**Material for this task**
Start of Block
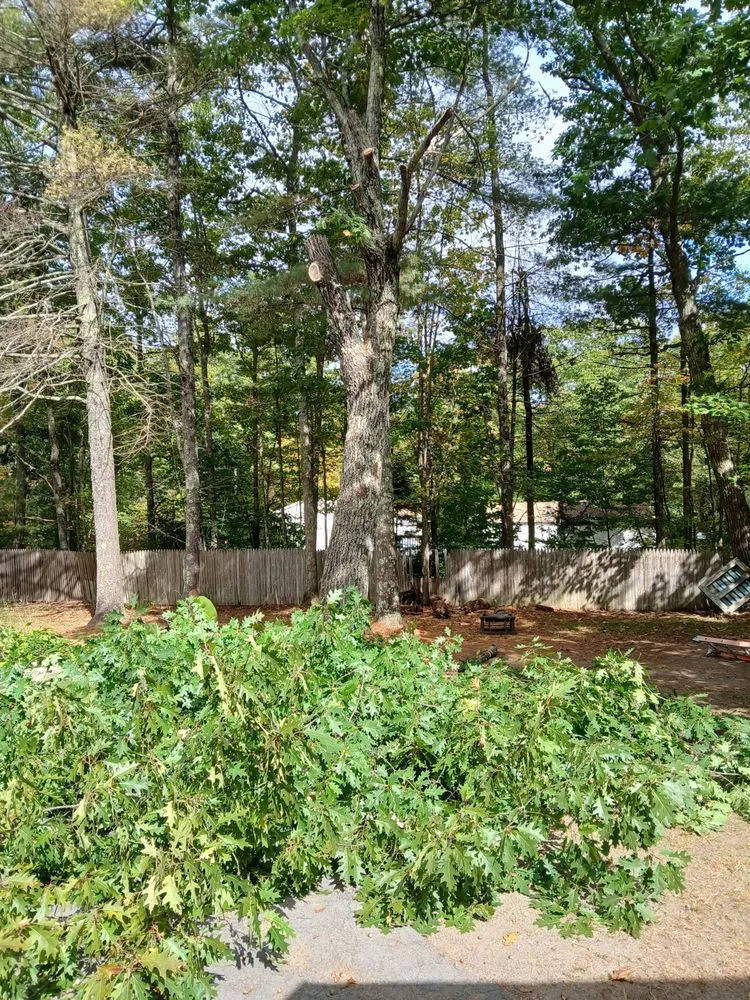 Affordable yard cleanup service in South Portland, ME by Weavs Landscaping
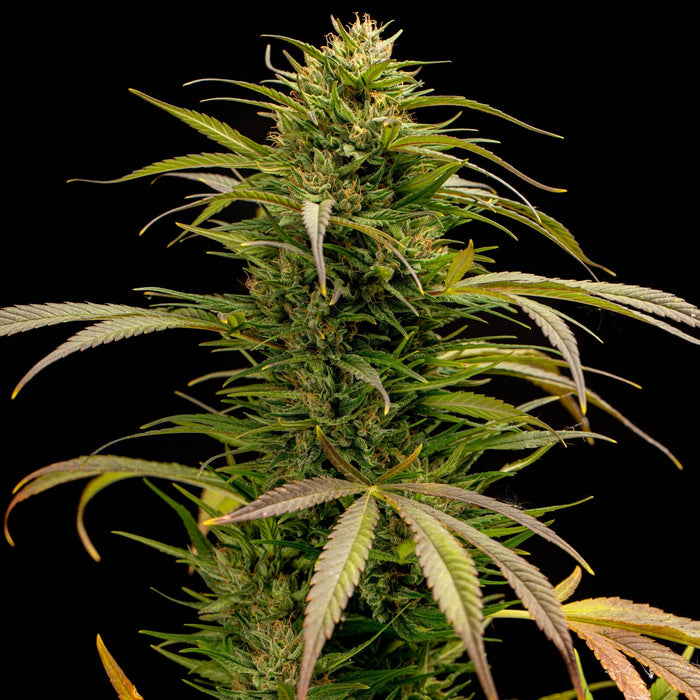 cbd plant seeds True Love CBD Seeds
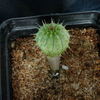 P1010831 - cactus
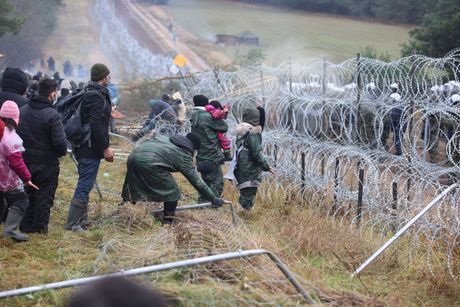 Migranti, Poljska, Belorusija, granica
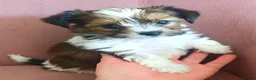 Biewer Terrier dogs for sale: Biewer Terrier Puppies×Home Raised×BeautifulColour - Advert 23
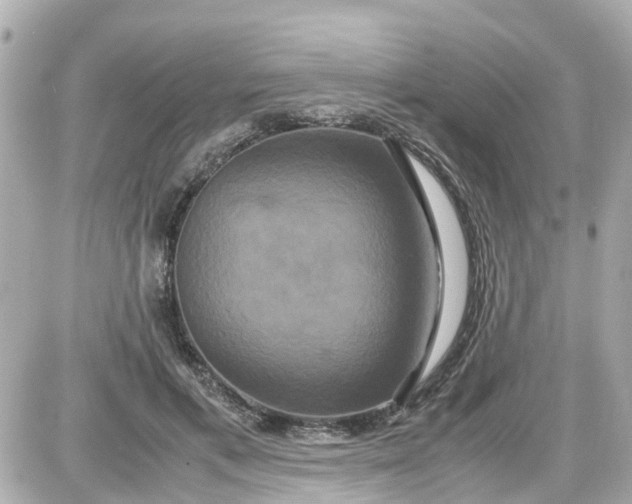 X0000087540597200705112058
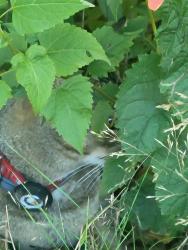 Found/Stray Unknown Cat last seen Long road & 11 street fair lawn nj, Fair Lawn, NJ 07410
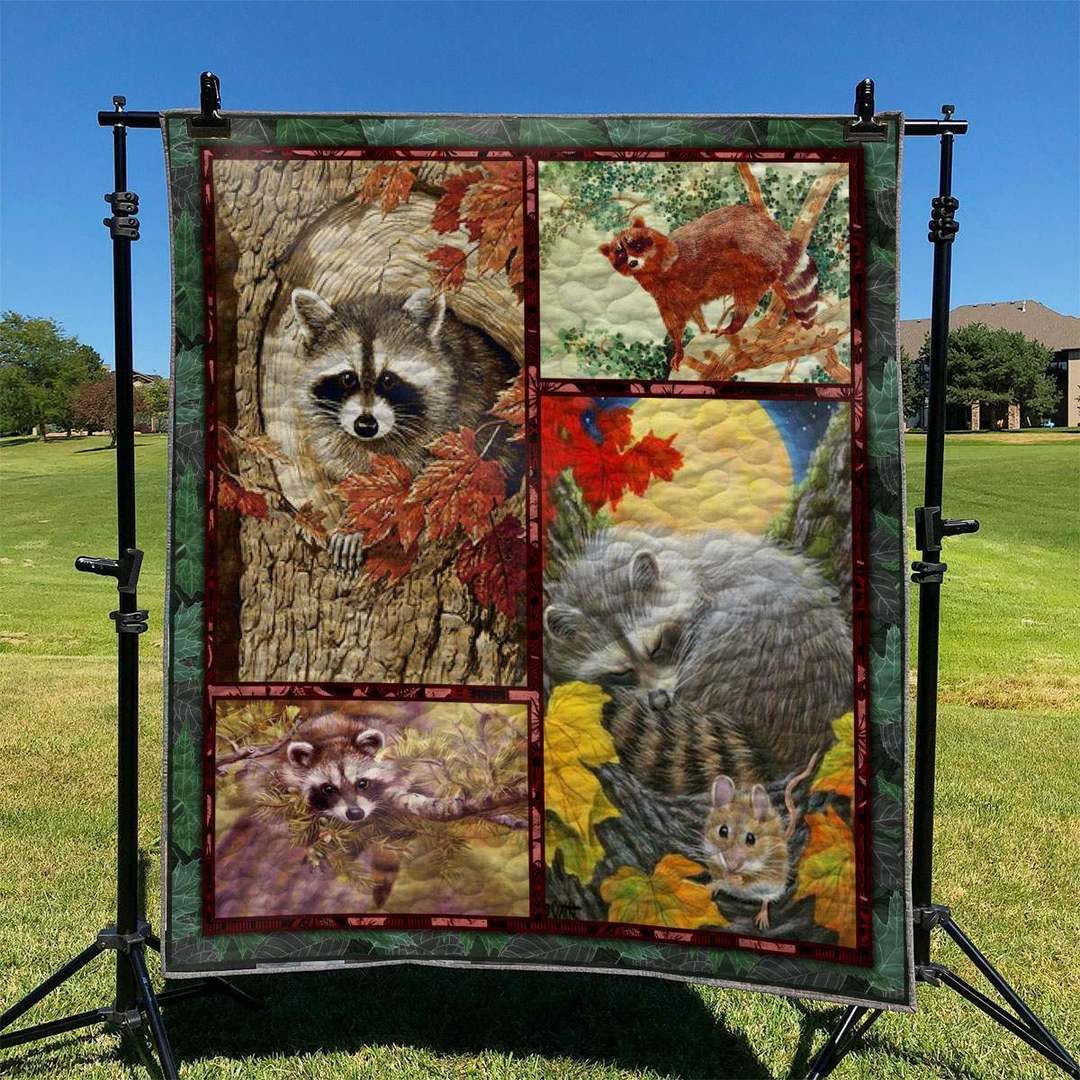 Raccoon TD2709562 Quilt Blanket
End of Block
Start of Block
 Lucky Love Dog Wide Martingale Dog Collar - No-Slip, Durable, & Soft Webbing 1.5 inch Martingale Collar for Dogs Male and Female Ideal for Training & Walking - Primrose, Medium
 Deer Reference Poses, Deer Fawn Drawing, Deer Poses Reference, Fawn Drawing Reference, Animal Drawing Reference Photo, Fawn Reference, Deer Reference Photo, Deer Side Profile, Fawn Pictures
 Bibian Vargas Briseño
End of Block
Start of Block
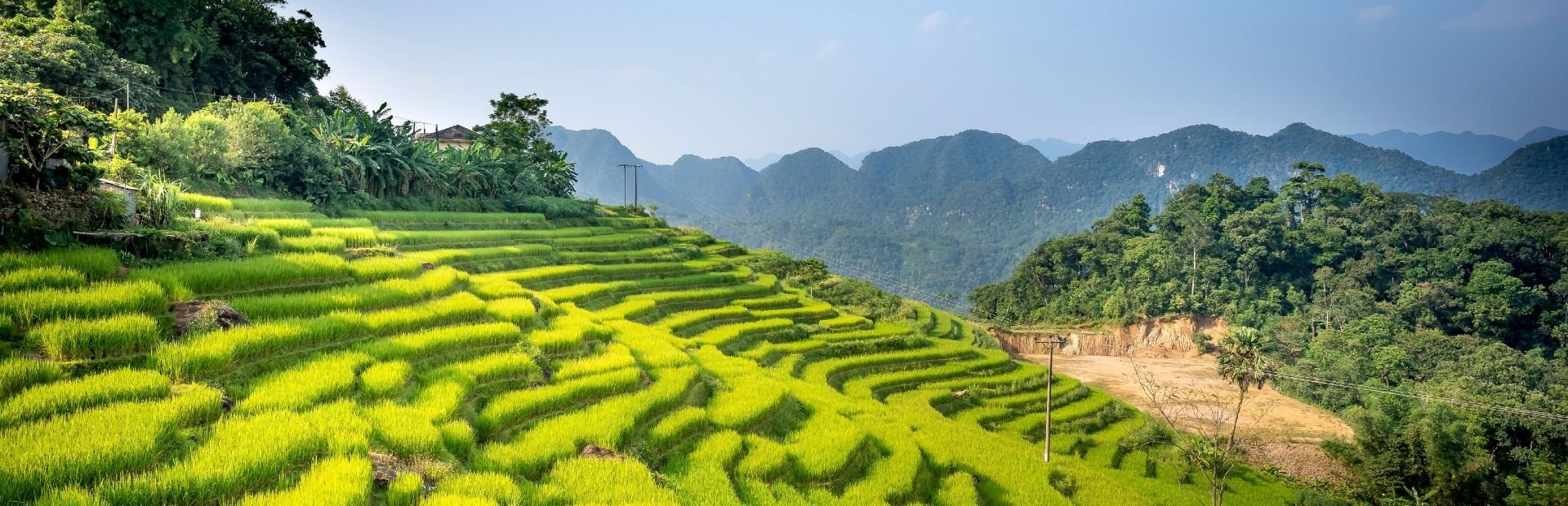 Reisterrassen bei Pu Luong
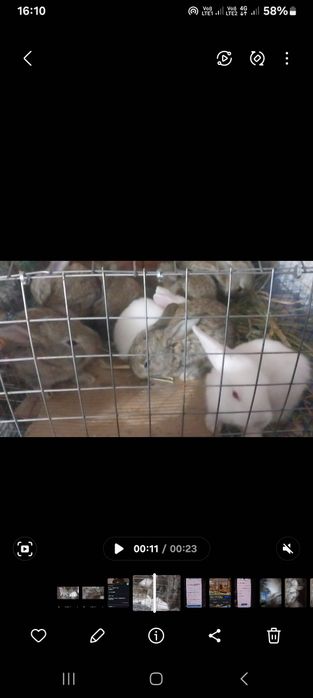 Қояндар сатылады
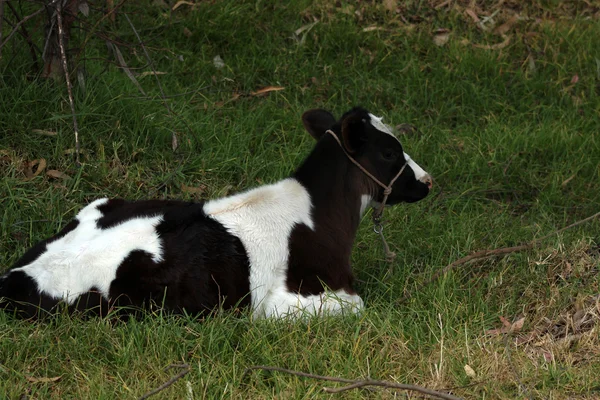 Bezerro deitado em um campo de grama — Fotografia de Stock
End of Block
**Problem**
Among the entries above, find the line with "Қояндар сатылады" and repeat exactly from there through the line with "Bezerro deitado em", leaving out the pictures.

**Output for this exercise**
 Қояндар сатылады
 Bezerro deitado em um campo de grama — Fotografia de Stock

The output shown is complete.